## PROVIDED RECORDS

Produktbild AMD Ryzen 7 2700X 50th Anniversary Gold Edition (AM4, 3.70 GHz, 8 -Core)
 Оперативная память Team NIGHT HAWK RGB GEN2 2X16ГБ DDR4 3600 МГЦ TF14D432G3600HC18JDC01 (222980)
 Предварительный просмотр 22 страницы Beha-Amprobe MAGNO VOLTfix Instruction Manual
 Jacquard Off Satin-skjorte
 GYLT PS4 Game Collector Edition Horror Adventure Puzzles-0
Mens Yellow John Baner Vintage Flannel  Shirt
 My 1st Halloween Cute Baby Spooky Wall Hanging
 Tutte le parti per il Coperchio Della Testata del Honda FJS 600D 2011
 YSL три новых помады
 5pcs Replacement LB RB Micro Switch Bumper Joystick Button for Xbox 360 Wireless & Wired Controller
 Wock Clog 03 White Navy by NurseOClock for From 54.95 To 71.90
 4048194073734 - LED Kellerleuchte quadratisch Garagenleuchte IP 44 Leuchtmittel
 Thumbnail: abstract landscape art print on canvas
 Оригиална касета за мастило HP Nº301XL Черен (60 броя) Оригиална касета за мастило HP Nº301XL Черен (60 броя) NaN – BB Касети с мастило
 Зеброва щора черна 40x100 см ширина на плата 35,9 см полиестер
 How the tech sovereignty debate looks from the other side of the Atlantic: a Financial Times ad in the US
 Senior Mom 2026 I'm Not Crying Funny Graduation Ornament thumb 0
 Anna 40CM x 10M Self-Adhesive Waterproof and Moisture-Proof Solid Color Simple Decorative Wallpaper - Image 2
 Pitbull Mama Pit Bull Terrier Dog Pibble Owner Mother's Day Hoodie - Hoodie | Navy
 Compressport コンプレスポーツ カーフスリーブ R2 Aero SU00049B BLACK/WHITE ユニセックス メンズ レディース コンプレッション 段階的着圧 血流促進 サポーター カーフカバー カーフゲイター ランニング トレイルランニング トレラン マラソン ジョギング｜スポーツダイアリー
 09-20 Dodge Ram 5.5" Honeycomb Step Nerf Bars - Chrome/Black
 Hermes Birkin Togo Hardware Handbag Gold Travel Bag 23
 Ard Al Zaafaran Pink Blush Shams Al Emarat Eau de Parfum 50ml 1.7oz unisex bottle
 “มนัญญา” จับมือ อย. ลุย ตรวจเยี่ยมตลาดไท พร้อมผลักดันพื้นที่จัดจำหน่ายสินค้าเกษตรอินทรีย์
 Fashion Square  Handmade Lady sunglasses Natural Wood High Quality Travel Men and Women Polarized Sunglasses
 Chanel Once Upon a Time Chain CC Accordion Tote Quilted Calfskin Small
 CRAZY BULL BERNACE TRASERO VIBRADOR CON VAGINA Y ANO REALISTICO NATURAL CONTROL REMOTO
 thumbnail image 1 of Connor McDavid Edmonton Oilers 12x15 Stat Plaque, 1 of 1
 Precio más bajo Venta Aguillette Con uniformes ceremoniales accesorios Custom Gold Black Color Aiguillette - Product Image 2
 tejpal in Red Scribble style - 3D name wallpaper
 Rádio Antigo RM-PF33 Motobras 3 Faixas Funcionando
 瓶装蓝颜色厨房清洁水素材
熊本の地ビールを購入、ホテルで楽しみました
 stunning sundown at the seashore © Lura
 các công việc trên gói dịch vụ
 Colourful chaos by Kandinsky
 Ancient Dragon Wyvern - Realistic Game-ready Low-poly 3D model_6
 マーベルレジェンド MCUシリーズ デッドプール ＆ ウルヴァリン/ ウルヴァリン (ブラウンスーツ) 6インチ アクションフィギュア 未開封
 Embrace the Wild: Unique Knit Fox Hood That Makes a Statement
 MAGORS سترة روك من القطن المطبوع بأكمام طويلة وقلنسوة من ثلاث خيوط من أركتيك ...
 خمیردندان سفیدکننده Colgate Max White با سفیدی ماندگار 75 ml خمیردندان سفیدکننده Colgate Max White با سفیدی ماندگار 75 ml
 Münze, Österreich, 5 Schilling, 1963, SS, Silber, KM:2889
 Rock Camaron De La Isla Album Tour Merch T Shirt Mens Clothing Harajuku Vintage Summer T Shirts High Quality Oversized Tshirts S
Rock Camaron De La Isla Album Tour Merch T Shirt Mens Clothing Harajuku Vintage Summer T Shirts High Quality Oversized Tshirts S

## EXERCISE DESCRIPTION
What lines in the data include the string "Edition"? Copy each one.

## ANSWER TO THIS TASK
Produktbild AMD Ryzen 7 2700X 50th Anniversary Gold Edition (AM4, 3.70 GHz, 8 -Core)
 GYLT PS4 Game Collector Edition Horror Adventure Puzzles-0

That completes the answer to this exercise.